Perante a impossibilidade do Ex.mo Defensor constituído estar presente na audiência naquela data, o Ex.mo Juiz, por despacho de 29-3-2017, a folhas 59, deferiu o seu requerimento de folhas 51 e transferiu a audiência de julgamento para o dia 15-5-2017.

Da ata da audiência de julgamento de 15-5-2017, consta que chegada a hora do julgamento estavam presentes as testemunhas E... e F... .

Não se encontravam presentes: o Ex.mo Defensor constituído e a testemunha C... , que se mostra notificados, e o arguido A... e as testemunhas D... e B... , que não foram notificados, apesar de ter sido tentada a sua notificação nos termos que constam de fls. 118 a 119, 121 a 122 e 124 a 125.

Perante esta situação o Ex.mo Juiz proferiu um despacho com o seguinte teor:

“ - No que concerne à tentativa de notificação do arguido para comparecer na presente data para realização da audiência de julgamento, resulta dos autos, por um lado, a fls.78 que o motivo pelo qual tal carta para notificação foi devolvida, deveu-se simplesmente à indicação de “não atendeu”, e por outro, a fls. 121 a 122, constata-se que o arguido se furtou à notificação, pelo que se conclui que a falta de notificação é-lhe exclusivamente imputável. Com efeito, a morada para a qual o Tribunal enviou por correio, e posteriormente, solicitou ao OPC a notificação do arguido é a que consta dos autos desde o seu início, não tendo sofrido qualquer alteração superveniente.
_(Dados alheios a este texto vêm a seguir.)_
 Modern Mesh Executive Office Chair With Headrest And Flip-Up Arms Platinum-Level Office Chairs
Por conseguinte, e uma vez que o arguido no decurso do processo administrativo se pronunciou sobre a contraordenação em causa através de requerimento subscrito pelo seu advogado, entendemos neste momento não ser necessária a sua comparência na audiência de julgamento, pelo que se dispensa a sua presença, devendo dar-se inicio à audiência de julgamento, nos termos do artº 68º, nºs 1 e 2 “a contrario sensu” do RGCO. Igualmente não constitui motivo de adiamento a não presença do seu advogado, nos termos do disposto nos artºs. 53º; 59º, nº.2 e 68º, nºs.1 e 2 do RGCO.
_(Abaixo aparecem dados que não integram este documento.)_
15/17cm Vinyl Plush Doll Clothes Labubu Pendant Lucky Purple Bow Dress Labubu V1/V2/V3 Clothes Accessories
  - No que concerne às testemunhas arroladas pelo arguido, relativamente à testemunha C... , que se encontra devidamente notificada e não justificou a sua falta, vai a mesma condenada em multa, cuja taxa de justiça se fixa em 2 UCs, nos termos do disposto no artº.116º, nº.1, do CPP, “ex vi” artº.41º do RGCO. Quanto às restantes testemunhas e como resultado do teor de fls.119 e 125, a falta de notificação terá que se considerar imputável às referidas testemunhas, uma vez que é manifesto que as mesmas tiveram o propósito de se eximirem à sua notificação.

   - Nestes termos, o Tribunal dispensa a comparência do arguido/recorrente e dispensa-se a inquirição das testemunhas por si arroladas, e nos autos melhor identificadas, não se mostrando necessário a marcação de nova sessão de julgamento, já que o arguido/recorrente e as testemunhas por si arroladas deram causa a tal incumprimento, sendo manifesto o carácter dilatório das respectivas condutas, por forma a entorpecer a acção da justiça.”.
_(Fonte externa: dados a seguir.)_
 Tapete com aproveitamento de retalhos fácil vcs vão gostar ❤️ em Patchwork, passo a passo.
Resulta medianamente claro deste despacho que o Ex.mo Juiz encontrou dentro do regime específico das contraordenações uma solução própria para a realização do julgamento na ausência do arguido A... que passou, perante a impossibilidade deste ser notificado como determinara em anterior despacho, por entender que naquele momento não era necessária a sua comparência na audiência de julgamento, dispensar a sua presença, e dar inicio à audiência de julgamento, nos termos do art.68.º, n.ºs 1 e 2 “a contrario sensu” do Regime Geral das Contraordenações.

Para além de fundamentar esta sua tomada de posição no despacho, não deixou de clarificar que não constitui motivo de adiamento a não presença do seu advogado, nos termos do disposto nos artigos 53.º, 59.º, n.º2 e 68.º, n.ºs.1 e 2 do RGCO.

Tendo o arguido A... visto dispensada a sua presença na audiência, em processo contraordenacional, deixou de existir a obrigação de comparência dele na mesma e, consequentemente, passou a vigorar a regra da não obrigatoriedade da presença do arguido no julgamento, sendo a faculdade de representação pelo seu Ex.mo Defensor, notificado para o efeito, bastante para intervir na mesma audiência, requerendo o que tiver por conveniente.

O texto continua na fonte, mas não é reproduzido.